If Villanueva slips a bit. He could be a decent pick or if those two are not available how about Channing Frye from Arizona.


----------



## The Future7 (Feb 24, 2005)

Sheldon Williams would be a really nice pick for the Mavs. We probably have no chance at getting unless we trade. But Andrew Bogut, he is great. I would really like to see him on the Mavs. But again we only have a chance if we trade.


----------



## Mavs41 (Feb 22, 2005)

It's waaaay too early to be talking about the draft. But I expect the Mavs to not have a draft pick this year.


----------



## aussiewill (Jan 20, 2005)

I might be a bit biased with this, but Bogut would be a great inclusion to the Mavs roster. He can play either 4 or 5 and thus we would have a three man rotation with him Dirk and Damp, but Dirk would obviously get the majority of the minutes. He can rebound, score and defend so he has good all round ability, however he will likely be in the top 5 for the draft, so a trade would be a good idea. I think a good trade would be KVH and Al for him, whether whoever drafts him takes that offer, but this is just my 2 cents.


----------



## SMDre (Jan 28, 2005)

I think that the Mavs need a player like Joey Grahm. I'm not saying Joey Grahm in particular, only example I could think of right now, but some one that can finish strong around the basket. I think they need a young player that can explode either on or off the dribble. Josh and Quis can do it occasionally, but not consistently.

At least that's my opinion.


----------



## soulhunter (Nov 2, 2004)

I'm with theo on this one, do whatever it takes to get Bogut, this guy is going to be great. Him and Dirk make a slightly weak frontline, but it would be such a talented tandem, one a great lowpost scorer who can step out side, and the other a excellent shooter who can play is the post too. They would rebound and pass well and abuse slower PF/C's


----------



## Tersk (Apr 9, 2004)

soulhunter_67 said:


> I'm with theo on this one, do whatever it takes to get Bogut, this guy is going to be great. Him and Dirk make a slightly weak frontline, but it would be such a talented tandem, one a great lowpost scorer who can step out side, and the other a excellent shooter who can play is the post too. They would rebound and pass well and abuse slower PF/C's


I would honestly crap my pants if we got Bogut; we'd have a more than adequate replacement for Dampier when he became older, and a nice part time backup for the Diggler

Also, I pray to lord that we draft him. He would have a lot of Australia watching him, thus *making* Australian TV show more NBA games, specifically more Mavs games. I would be so happy


----------



## aussiewill (Jan 20, 2005)

Theo! said:


> I would honestly crap my pants if we got Bogut; we'd have a more than adequate replacement for Dampier when he became older, and a nice part time backup for the Diggler
> 
> Also, I pray to lord that we draft him. He would have a lot of Australia watching him, thus *making* Australian TV show more NBA games, specifically more Mavs games. I would be so happy


I could agree with all of this except the crapping my pants part lmao. This would be great if we got some NBA over here on national tv would be absolutely ****en great. :clap:


----------



## mavsman (Jun 11, 2003)

I have no problem with getting Bogut. But I think you all would have to come up with some scenario where this could even be possible. Otherwise we are only wasting our breath.

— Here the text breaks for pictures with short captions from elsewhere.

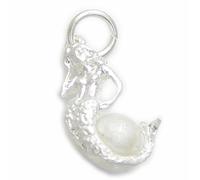 Sirena con una perla nella coda charm in argento sterling .925 x 1 Sirene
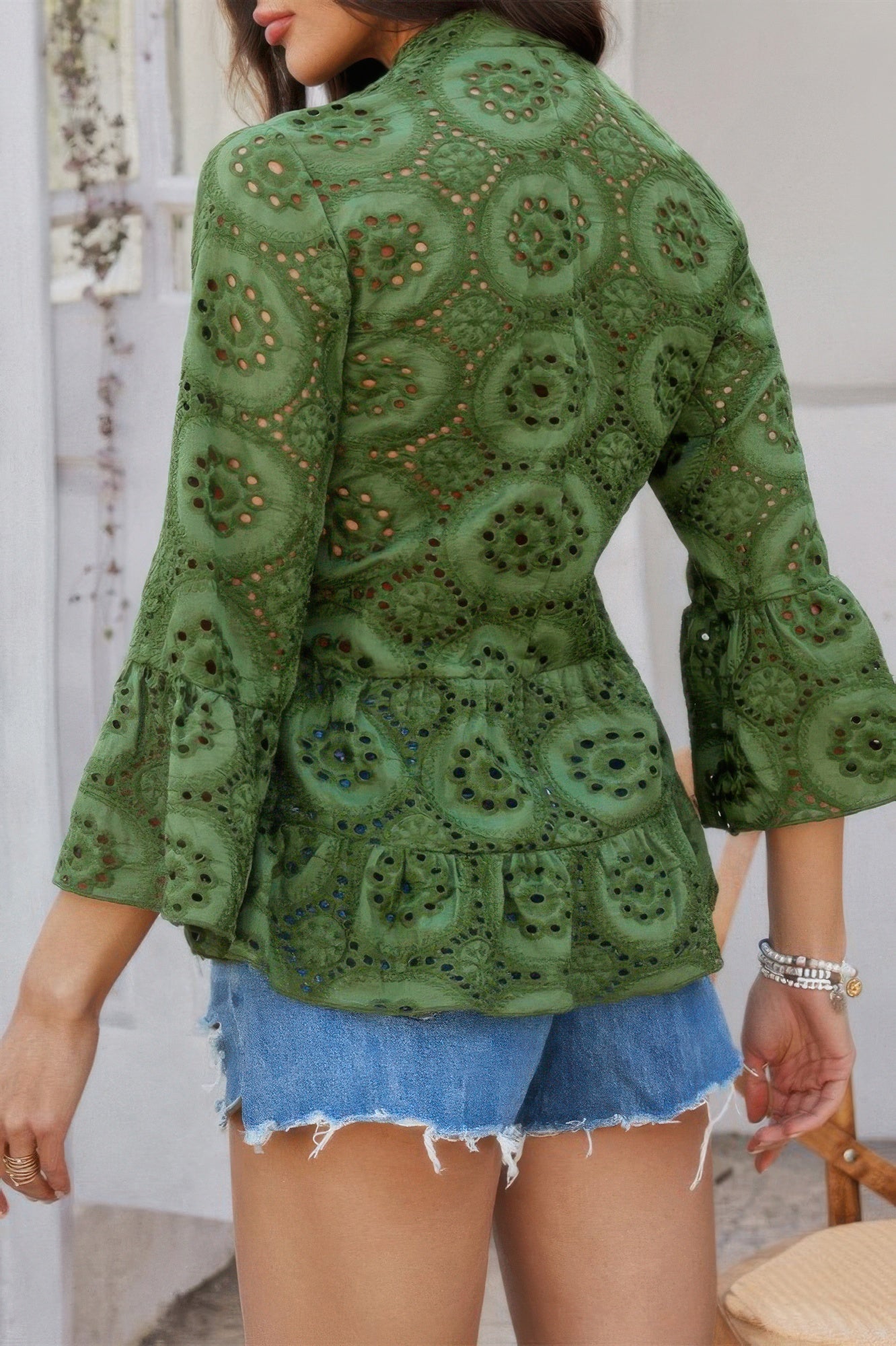 Solid Half Button Flounce Sleeve Peplum Blouse in Army Green view 3 - Solid Half Shirt For Men (top)
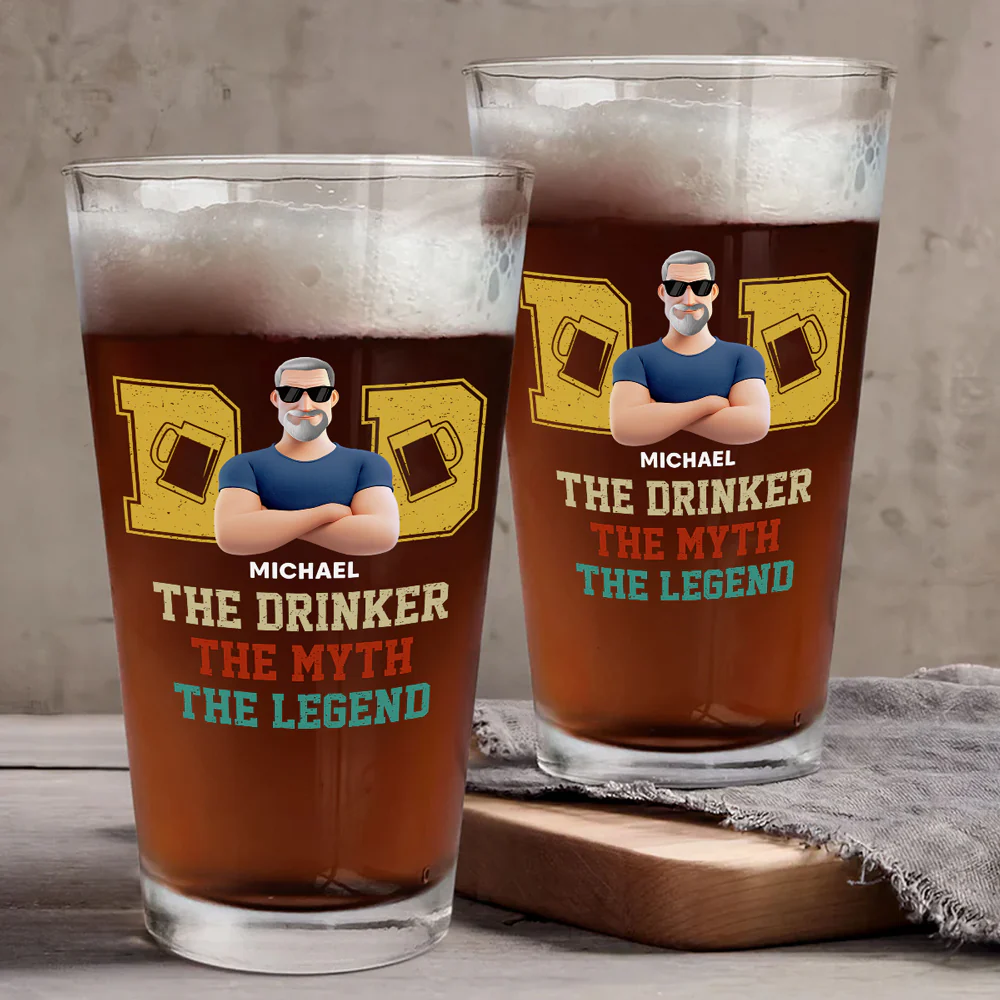 The Drinker The Myth The Legend - Personalized Custom Beer Glass - Image 3
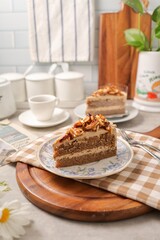 Coffee Genoise Cake in ceramic plate	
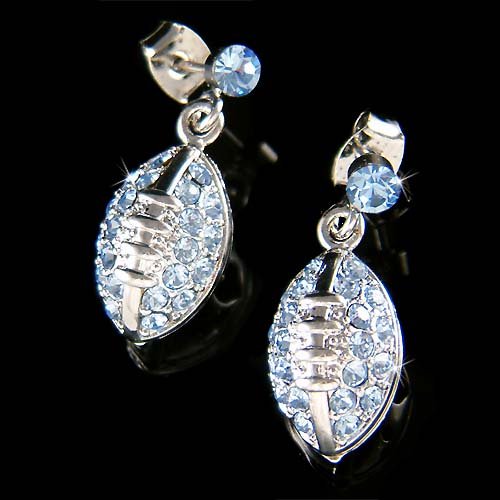 Swarovski Crystal Baby Blue American Football Gridiron Earrings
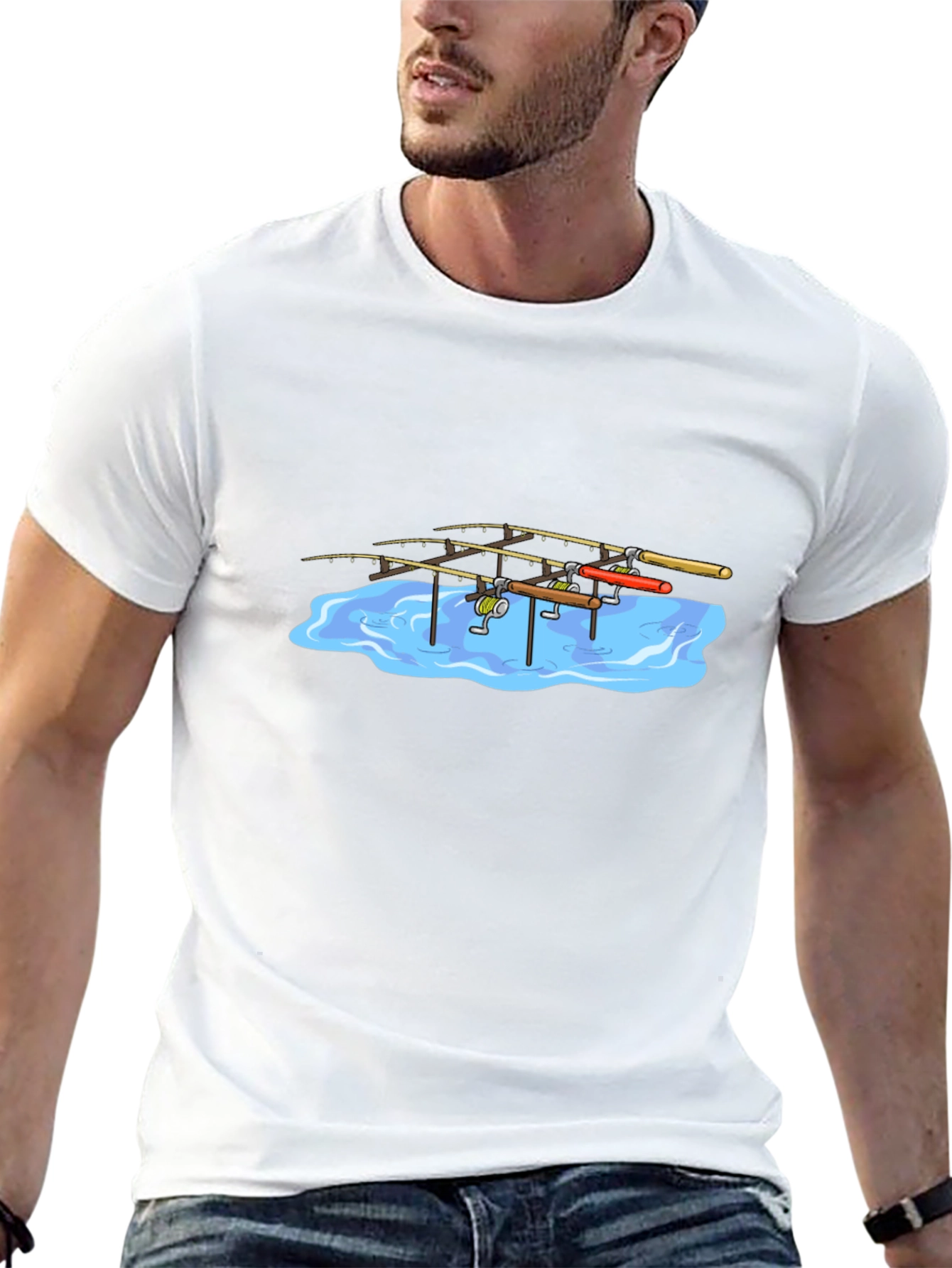 Fishing Rods Graphic Black T-Shirt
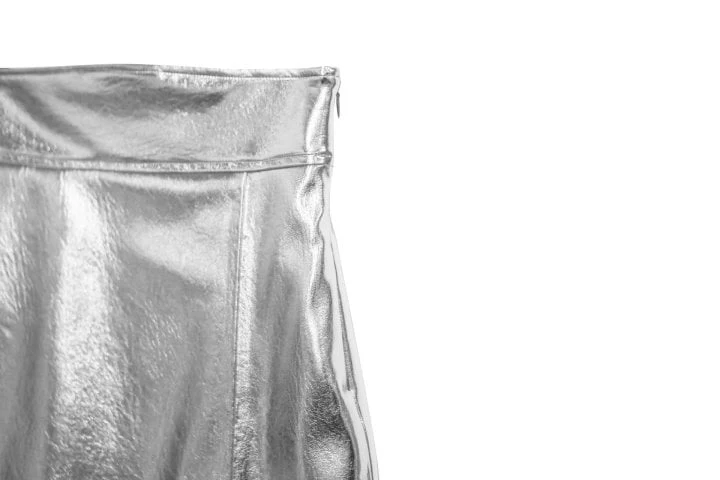 Paper Moon - Korean Women Fashion - #womensfashion - Metallic Leather Slit Skirt - 8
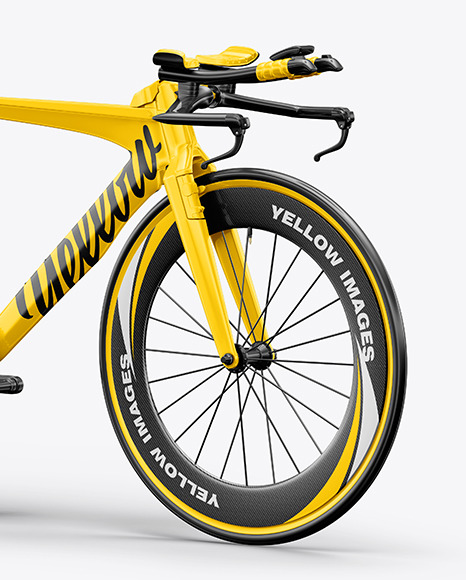 Carbon Triathlon Bicycle Mockup Halfside View In Vehicle Mockups On Yellow Images Object Mockups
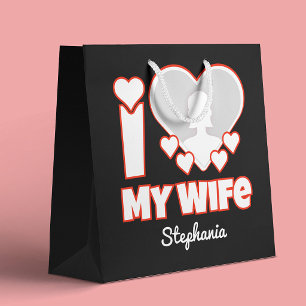 Custom I Love My Wife – Add Name & Photo Large Gift Bag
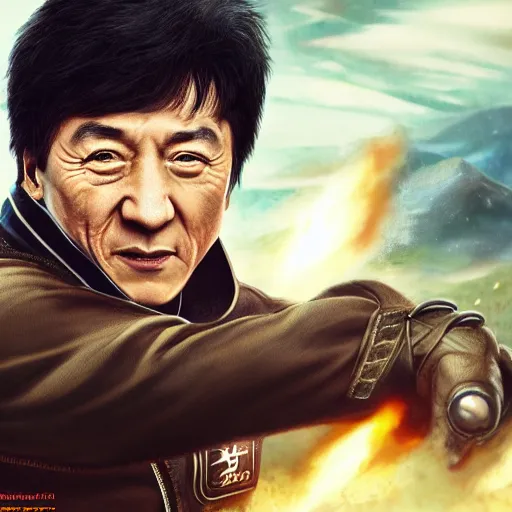 Image similar to Jackie Chan appears on the battlefield at the climax of the finno-korean hyperwar, by artgerm and wlop and scott fischer and seb mckinnon, digital art, highly detailed, wide shot, intricate, fantasy, mystical, sharp focus, Trending on Artstation HQ, deviantart, unreal engine 5, 4K UHD image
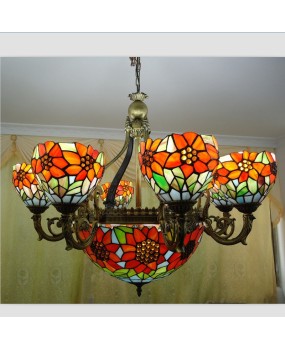 Colorful glass Tiffany lighting, sunflower countryside villa, hotel clubhouse, living room, large chandelier, warm and cozy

Right now Atlanta has the top pick with Charlotte and New Orleans behind them. So if Bogut is a lock to be the top pick we would have to be able to give Atlanta something really good to get the top pick. What could that be? I just don't see what we could offer any of those teams to pry the number one or two pick from them. Teams like that are not interested in taking on huge salaries so what do we have that is valuable and not expensive?

Well Josh Howard is valuable and cheap but I doubt he is enough to get the top pick. And besides if it is Atlanta they would not be interested in Howard because they have thier guy in Josh Smith so they are not going to be as interested in Howard.

And would any of you be willing to part with Josh Howard to get Bogut? I don't know enough about Bogut to say one way or another but Howard is a known comodity and Bogut will have to show he can play in the NBA.

So if you all are talking about getting a guy like Bogut, how do propose that this could happen?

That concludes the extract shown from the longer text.